• Home
  • The History of the Lottery

The History of the Lottery

The Lottery has been around for a long time. In the New York lottery’s first year, it grossed $53.6 million, attracting residents of other states to purchase tickets. By the end of the decade, twelve more states had their own lotteries. During this time, the Lottery became a popular method of funding public projects without raising taxes and gaining the approval of Catholic populations that were generally tolerant of gambling activities.

A study done by the Council of State Governments in 1999 shows that lottery approval has increased in the last decade, with seventy percent of adults favoring the idea. In addition to the states that have started lottery games, other states that have introduced them include Colorado, Georgia, Louisiana, and Oregon. The most recent year to measure lottery approval is 2000, although it may vary depending on the state’s legislature. Although the Gallup Organization’s findings are encouraging, the numbers don’t necessarily reflect the current state of public sentiment.

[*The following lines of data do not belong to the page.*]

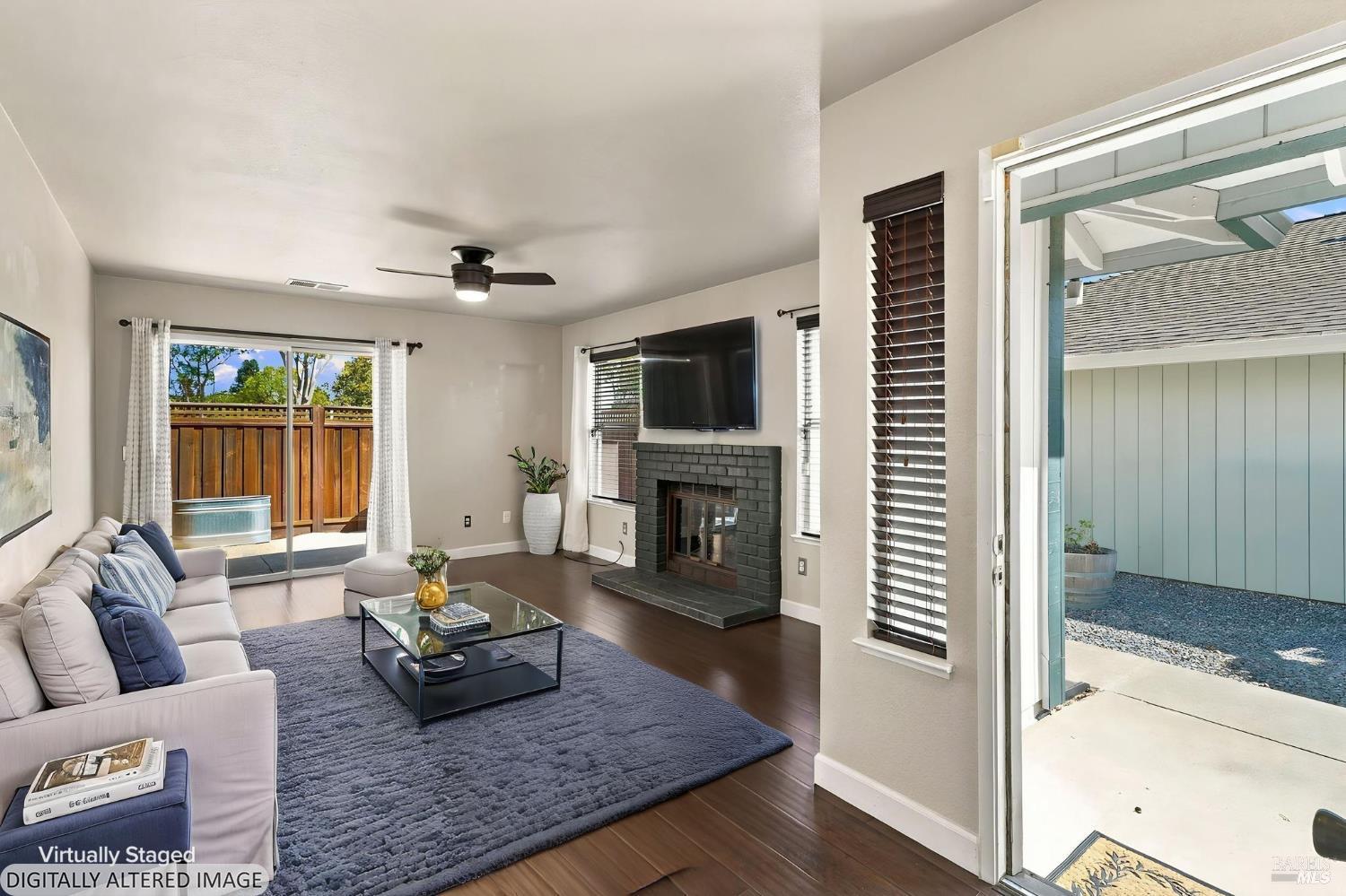 2044 Pinercrest Drive Santa Rosa CA 95403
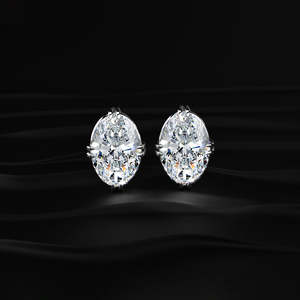 ต่างหูมอสซาไนต์ทรงรี 10 กะรัต น้ำหนักรวม 10 กะรัต สีใส VVS ทอง 14K 5 กะรัต แบบโซลิแทร์ ตัวเรือนแบบตะขอเกลียว งานแฮนด์เมด ของขวัญสำหรับเธอ - Product Image 2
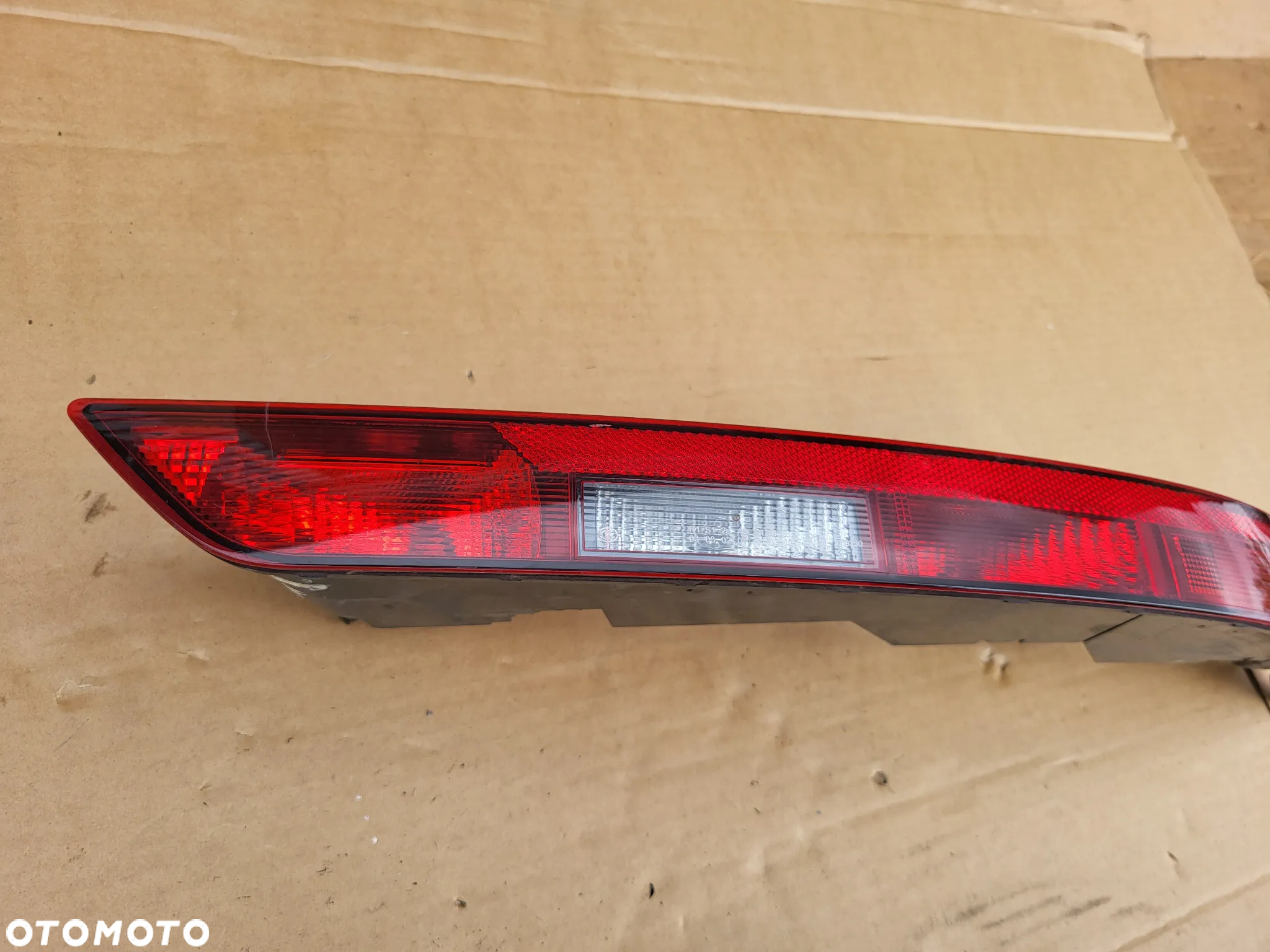 LAMPA TYL W ZDERZAK AUDI Q5 II 80A945070B 80A945069B - 35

The practice of holding a lottery dates back to ancient times. Old Testament scripture instructs Moses to make a census of the people of Israel, and then divide the land by lot. A lottery conducted by a group will gain more media attention than a solo win, but the group-winning approach is less likely to cause disagreements. A recent National Gambling Impact Study Commission report notes that most colonial-era lotteries were largely unsuccessful.